| EXERCISE PROMPT |
Copy the data below exactly, omitting any picture it contains.

| SUPPLIED INFORMATION |
——
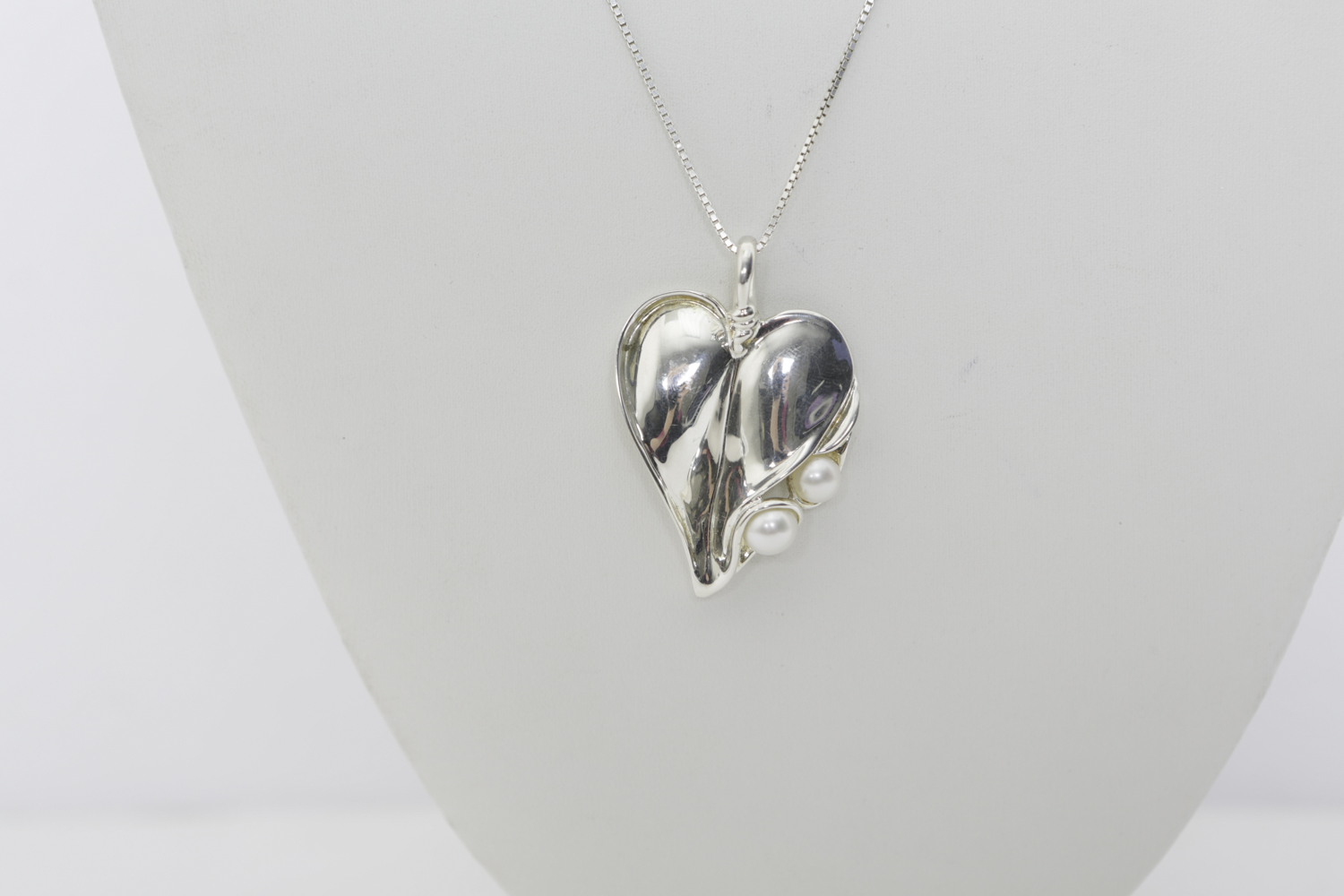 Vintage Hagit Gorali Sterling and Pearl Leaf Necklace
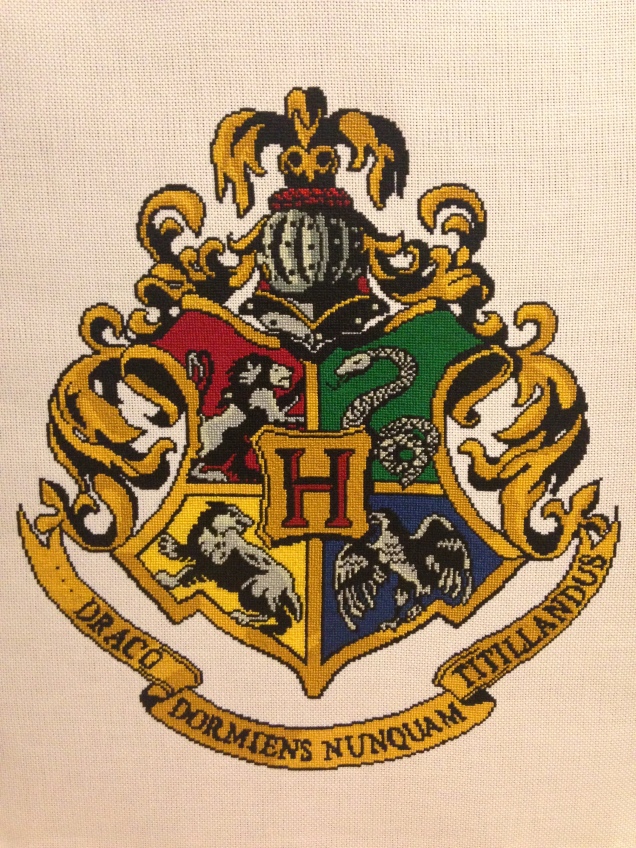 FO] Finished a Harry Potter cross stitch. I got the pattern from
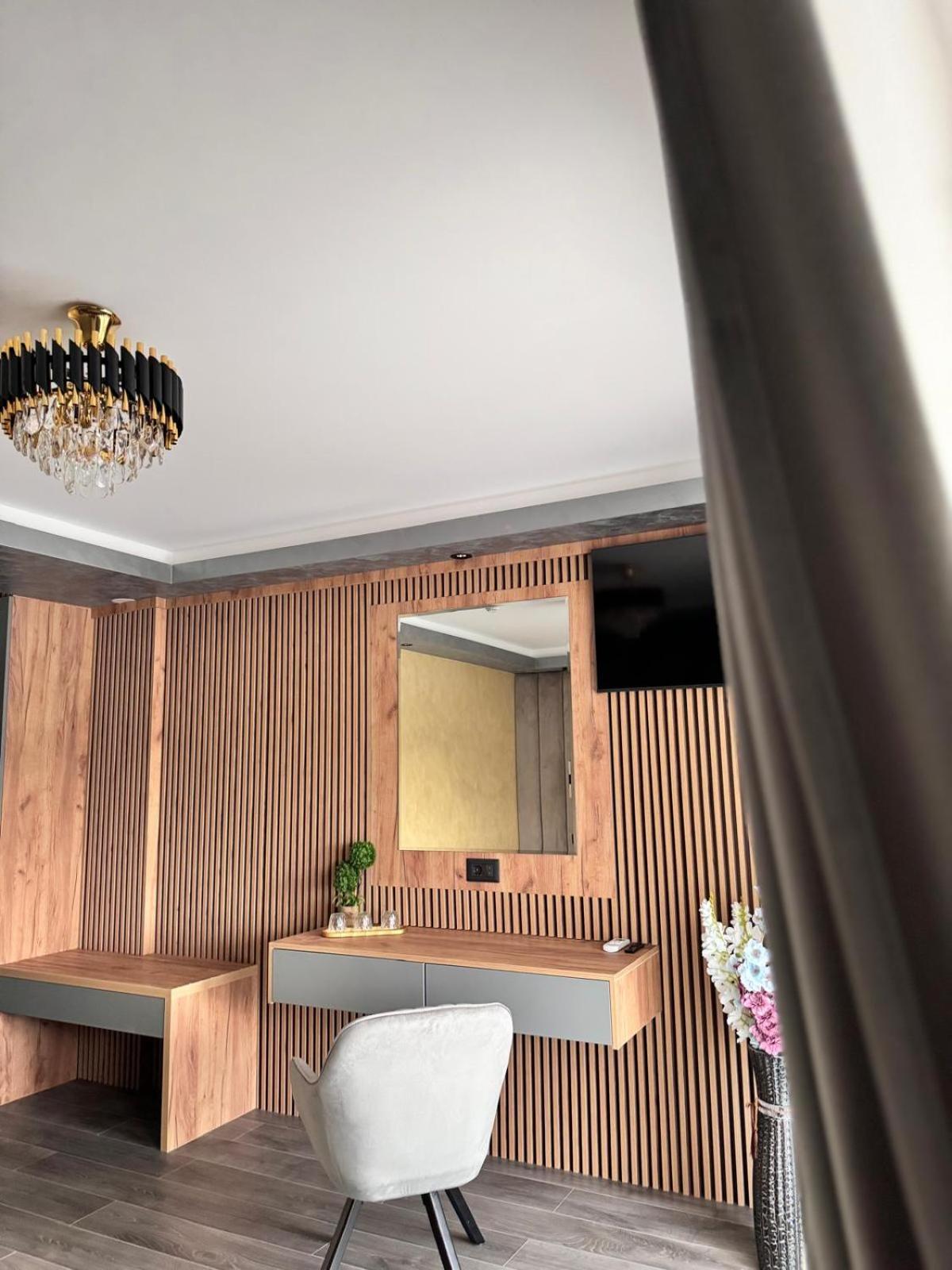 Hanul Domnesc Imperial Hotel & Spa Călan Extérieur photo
——
| SOLUTION |
 Vintage Hagit Gorali Sterling and Pearl Leaf Necklace
 FO] Finished a Harry Potter cross stitch. I got the pattern from
 Hanul Domnesc Imperial Hotel & Spa Călan Extérieur photo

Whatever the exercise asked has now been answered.